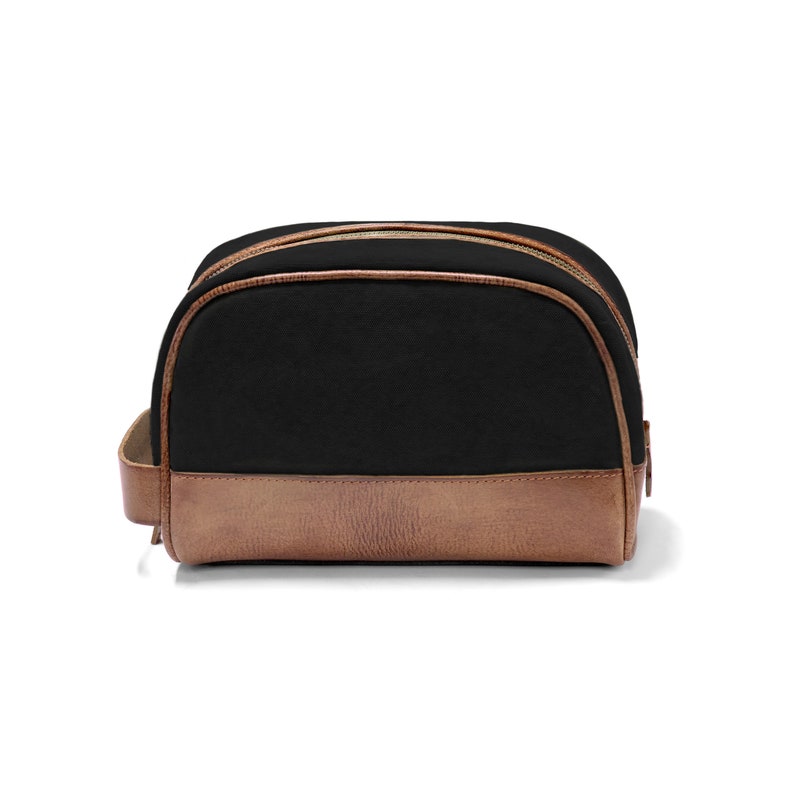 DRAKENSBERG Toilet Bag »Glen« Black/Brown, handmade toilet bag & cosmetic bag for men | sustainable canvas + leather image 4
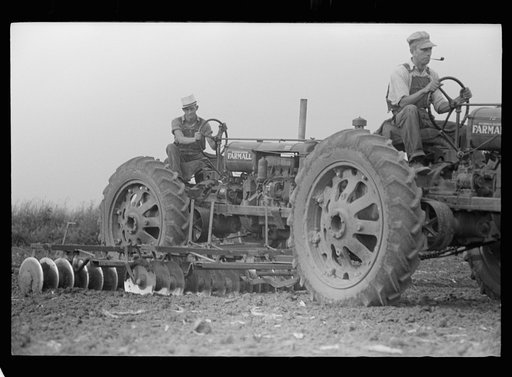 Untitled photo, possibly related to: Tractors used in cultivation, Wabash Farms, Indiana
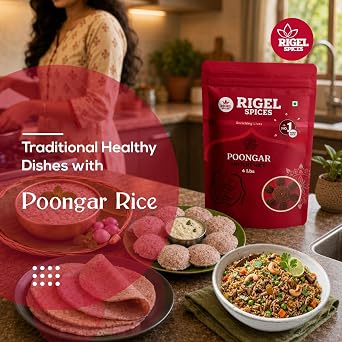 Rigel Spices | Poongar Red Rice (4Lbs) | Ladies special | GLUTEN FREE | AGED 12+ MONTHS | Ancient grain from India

-=-=-

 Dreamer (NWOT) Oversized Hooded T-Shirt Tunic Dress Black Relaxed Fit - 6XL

-=-=-

The answer must be the part of the records that opens with the line containing "DRAKENSBERG Toilet Bag" and closes with the line containing "Rigel Spices |", reproduced exactly, with no pictures.

◆ RESPONSE TO THIS TASK:
 DRAKENSBERG Toilet Bag »Glen« Black/Brown, handmade toilet bag & cosmetic bag for men | sustainable canvas + leather image 4
 Untitled photo, possibly related to: Tractors used in cultivation, Wabash Farms, Indiana
 Rigel Spices | Poongar Red Rice (4Lbs) | Ladies special | GLUTEN FREE | AGED 12+ MONTHS | Ancient grain from India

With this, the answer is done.